Capas de A Single Man |
George é um homem adulto, homossexual, vivendo no período da
Guerra Fria, professor de Literatura. Este conjunto de elementos,
somados a perda do companheiro, que foi o amor de sua vida - "você
é um homem romântico, professor." -, poderia ser trabalhada de
diversas formas no cinema.
Em "A Single Man", Tom Ford, enquanto diretor, consegue
fazer eu conhecer o mais novo filme favorito de minha vida. O filme é
a adaptação da novela de mesmo nome, de Christopher Isherwood, de
1964. Tom, enquanto diretor, desenha a iminente bomba que destruiria
tudo de uma guerra que nunca explodiu às vias de regra, e isso nas
entrelinhas da fala de um protagonista que discursa sobre o Medo ser
sempre a maior ameaça.
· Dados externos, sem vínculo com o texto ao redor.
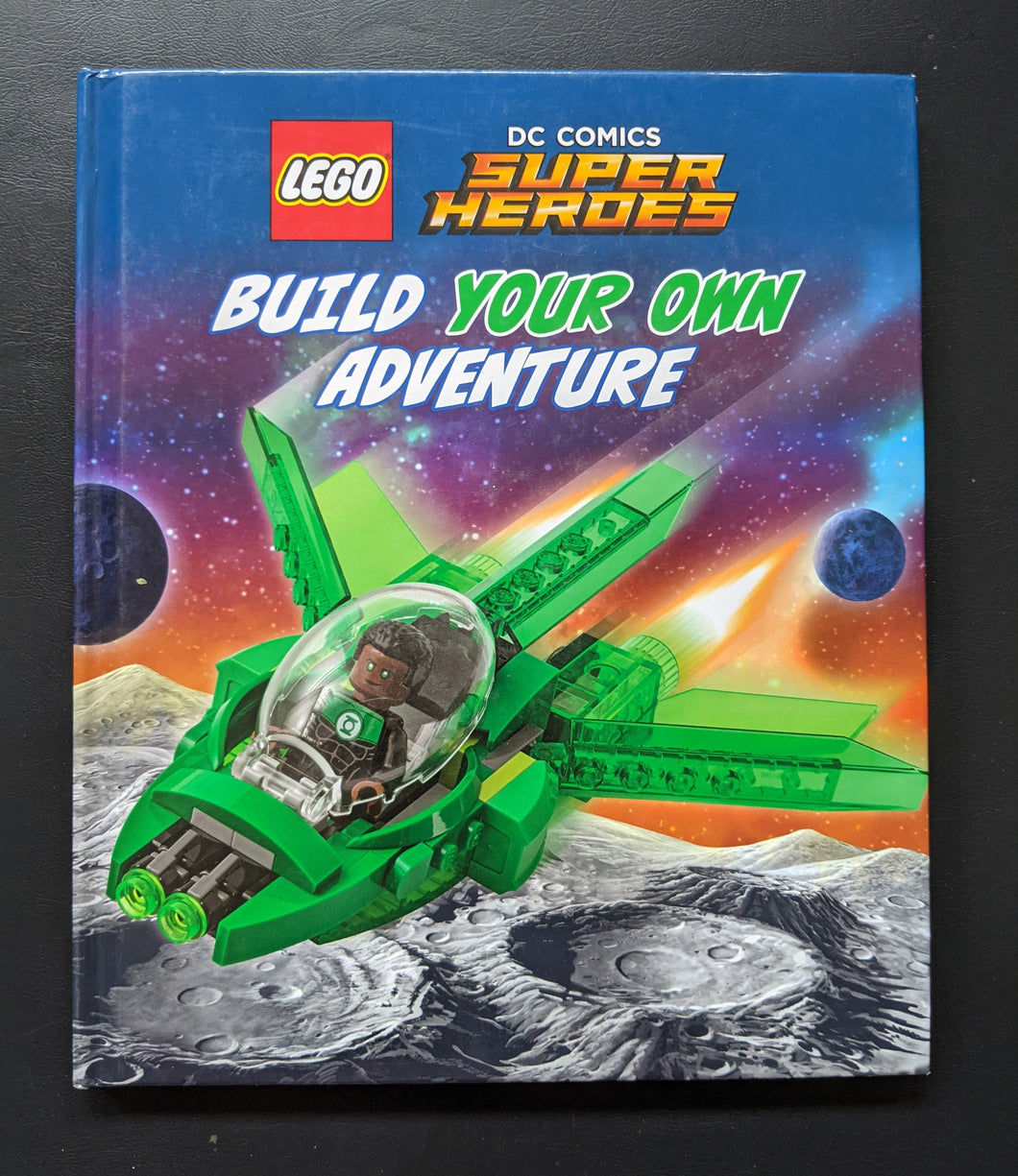 Lego DC COMICS Super Heroes Build Your Own Adventure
Esse mesmo Medo, que é grande e tem diversas
facetas, foi que, à mentalidade dos anos cinquenta, fez com que a
família de seu companheiro o privasse de ir ao seu funeral.
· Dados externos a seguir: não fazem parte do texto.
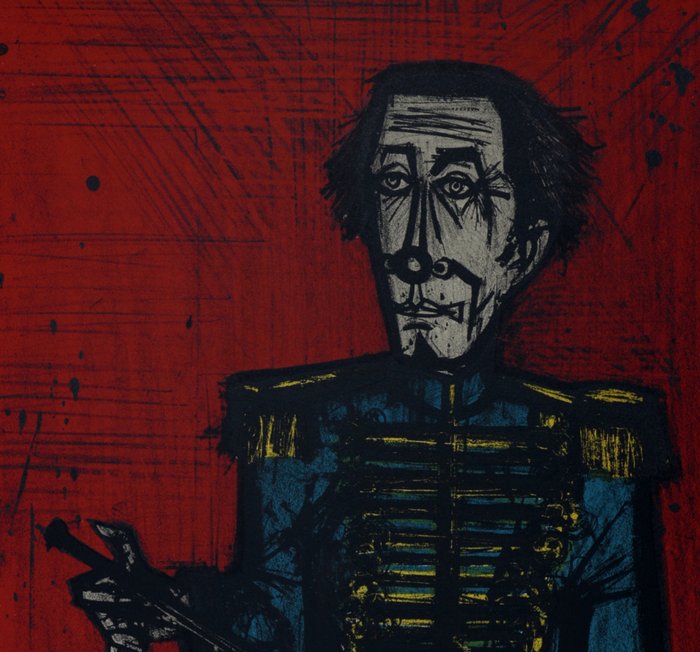 Bernard Buffet (1928-1999) - Le Tambour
Descobrimos a dor de George mais por suas cenas, e pela atuação
incrível de Colin Firth, do que pelos flashbacks de seus momentos
com seu parceiro, enquanto ele estava vivo. Nos flashbacks, vemos que
oito anos de luto não foram o suficiente para que Geoge se curasse,
mas foram o suficiente para que ele decidisse o que deveria fazer da
vida até então: encerrar a sua guerra fria particular, que ficava
entre a falta de vontade de viver e o suicídio de fato, e passar a
planejá-lo da forma mais virginiana possível: minunciosa, com
cartas de instruções e de despedidas. É preciso, provavelmente,
uma frieza adquirida apenas pela convicção em se matar para poder
planejar tão detalhadamente a própria morte - não sujar os
colchões, a posição com que atiraria em si mesmo, e a possível
forma como cairia no chão. A angústia e a beleza, entretanto,
dançam juntas na tela.
Este não é um filme dramalhão. Está mais para um lamento digno
de uma bicha às portas da velhice, intelectualíssima, cuja toda
força e coragem para viver - "é hora de enfrentar mais
um maldito dia" - se foi com a Segunda Guerra Mundial, com a
nova Guerra Fria, e principalmente, com a morte de seu companheiro de
dezesseis fucking anos de convivência e amor. Outras tantas coisas
perturbam George: a beleza dos homens. Seus corpo, que afinal é
vivo, ainda deseja, embora o desejo não seja tão grande quanto a
perda das perspectivas.
Entre os homens, há um de seus alunos: Kenny, Todas as vezes que
ele aparece, assim como todas as vezes que a câmera sai da figura de
George, Tom aumenta o contraste das cores, e por alguns instantes o
filme não tem mais a temperatura fria e melancólica. Kenny me
parece a figura do jovem, do novo, do ingênuo, da, mesmo que clichê,
esperança. E está apaixonado por George, seu professor. Talvez seja
o fio de vida, a pulsão do que ainda resta para viver e descobrir de
vida que faça George não dispensá-lo como dispensa todos os outros
rapazes. E é também Kenny que, como um símbolo enganoso, uma
armadilha tanto para George quanto para o espectador, engana as
nossas expectativas quanto ao destino de George, quanto a sua
iminente morte, irrefreável: se George não morrer suicidando-se,
morrerá de um ataque do coração. George morre, afinal, como se
espera. "Tudo é exatamente como deveria ser": e o que deve
ser, aqui, não é sua morte, mas antes dela, e também após, sua
ligação sublime a seu companheiro morto, que vem resgatá-lo ao
final do filme, numa cena, como todas as outras, linda, linda, linda.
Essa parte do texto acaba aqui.